These five thoughts will destroy your creativity. If you think any of them, stop writing and speak to your doctor—I mean writing partner—straight away.
1. I’m not good enough.
The absolute number one way to destroy your creativity is to believe you’re not good enough. You don’t have the talent to make your stories come to life, and your characters are destined to spend eternity locked inside your mind.
You don’t write because you’re good at it. You write to become good at it. [tweet this]
The only thing we, as writers, need to worry about is improving. Ask yourself if the story you wrote today is better than the one you wrote last week, or month, or year. If so, you’re on the right track.
2. I don’t know what I’m doing.
Similar to the first creativity killer, this thought slips in while you’re comparing yourself to successful writers. You don’t know what you’re doing, how to make it in the industry, or the “secret” to success. You should just give up now and save yourself the pain and rejection.

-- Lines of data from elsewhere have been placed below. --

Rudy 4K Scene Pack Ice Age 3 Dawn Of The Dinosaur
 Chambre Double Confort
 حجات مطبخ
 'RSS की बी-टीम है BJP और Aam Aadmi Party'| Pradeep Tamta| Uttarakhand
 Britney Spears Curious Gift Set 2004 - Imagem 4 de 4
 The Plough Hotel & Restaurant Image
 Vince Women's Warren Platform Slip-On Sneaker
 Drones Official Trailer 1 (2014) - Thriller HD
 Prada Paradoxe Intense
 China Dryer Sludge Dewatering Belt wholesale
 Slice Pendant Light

Guess what? Nobody knows what they’re doing when they’re just getting started! Hell, some successful authors will tell you they still don’t know what they’re doing. Hemingway famously said, “We are all apprentices at a craft where no one ever becomes a master.” Don’t worry about having it all figured out. Nobody does.
3. I’ll have more time tomorrow.
Or in a week. Or a month. Or after this happens or that happens. The magical pool of free time will always remain planted firmly at the base of the rainbow. You’ll never reach it. More excuses will pop up, and then poof! It’s ten years later, and you haven’t written a word.
Banish this thought by figuring out how you can make time. I’m not saying it will always be easy, but what we choose to spend our time on is the truest representation of our priorities. If writing is really a priority in your life, make it one in your day.
4. I can’t wait to write “The End.”
This isn’t an I hate writing thought. This is what happens when we become focused on the end product. We want to finish our manuscript. We want it written and edited and brilliant. We want it published, and we want to hold a lovely print copy in our hands. Oh, and we want it today.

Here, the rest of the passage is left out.